My first boyfriend—and father of my child—was the boy I lost my virginity to. In fact, we were both virgins at the time, and we had been dating for about six months before we decided to take that step together.
Before sex, there was lots of your typical high school courtship. There was shy handholding. There were steamy-windowed make-outs in my car. There were the initial passionate exchanges of I-love-you’s on my mom’s couch. There were cuddly sleepovers at friends’ apartments when I was supposed to be staying at my friend Rachel’s house.
We attempted the whole sex thing a few times before I think it can actually count. I was nervous, and all of the fidgeting with condoms and positioning didn’t help my teenage insecurities. I would completely psych myself out. He was gentle and respectful about it all and encouraged that it could happen whenever I was ready.
However, one night we wanted to be alone together, so we did the cheesiest, most typical teenager shit you could imagine: we got a freakin’ hotel room. Heck, it was more like a motel. Regardless, we only got a little way into doin’ the deed before it hurt, and we had to stop.
I don’t think that counts, mainly because I remember having an instance a few weeks afterwards that made me think, “Oh, so this is sex.” We were in my bedroom at my house, and if I remember correctly, we were having some solo-hang-out time before my mom or brother got home.
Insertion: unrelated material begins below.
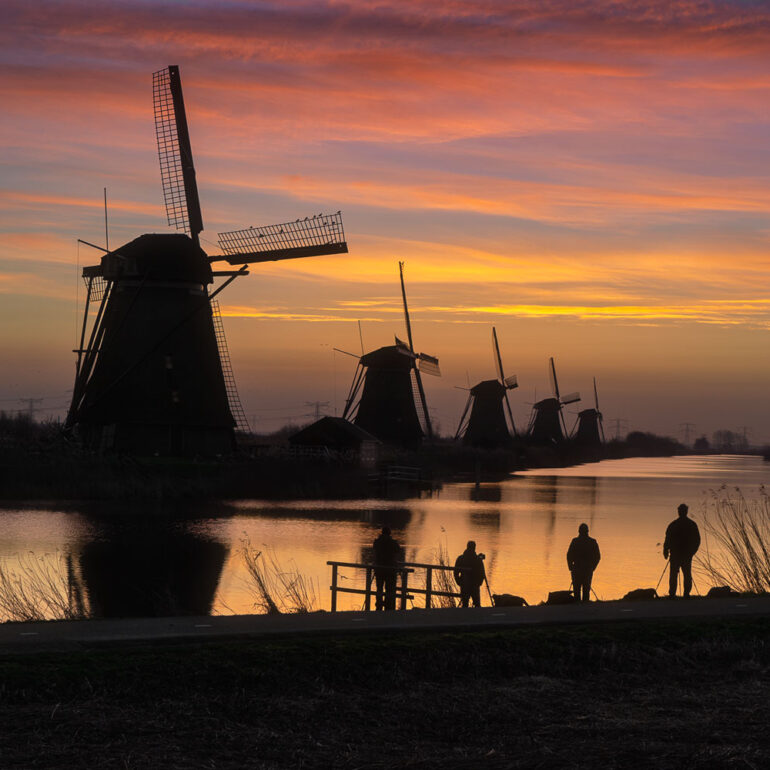 Home Historic windmills of Kinderdijk reflected in calm water during a golden sunrise in the Netherlands, a UNESCO World Heritage Site.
How stereotypical-teenage-sex is that?
I really don’t remember too many specifics. I remember that it was slightly awkward yet quite nice and orgasm-inducing for both parties involved.
Further down the road in our tumultuous relationship, I yearned for the compassion and love he had previously shown towards me. He and I were sexually active with each other for about six months before I got pregnant. Our relationship faced some radical highs and lows, and after three years, I couldn’t handle the extremes anymore. I shut my eyes and made the leap into single-parentdom.
I am so happy to say that I am currently in a relationship that has allowed me to re-learn what genuine appreciation is all about. For a while, I doubted that this type of comfort existed, but believe me, all you fellow-doubters; it totally does!
For a long time, I associated sex solely with getting pregnant, and the thought of it terrified me. Every time I ate too many slices of pizza and felt bloated, I’d convince myself I was actually carrying a baby. Every time I felt even the slightest bit of nausea, I would think up different ways that I could break the news to my family. I was programmed to be terrified.
I am no longer terrified. I am happy. I am educated. I am free.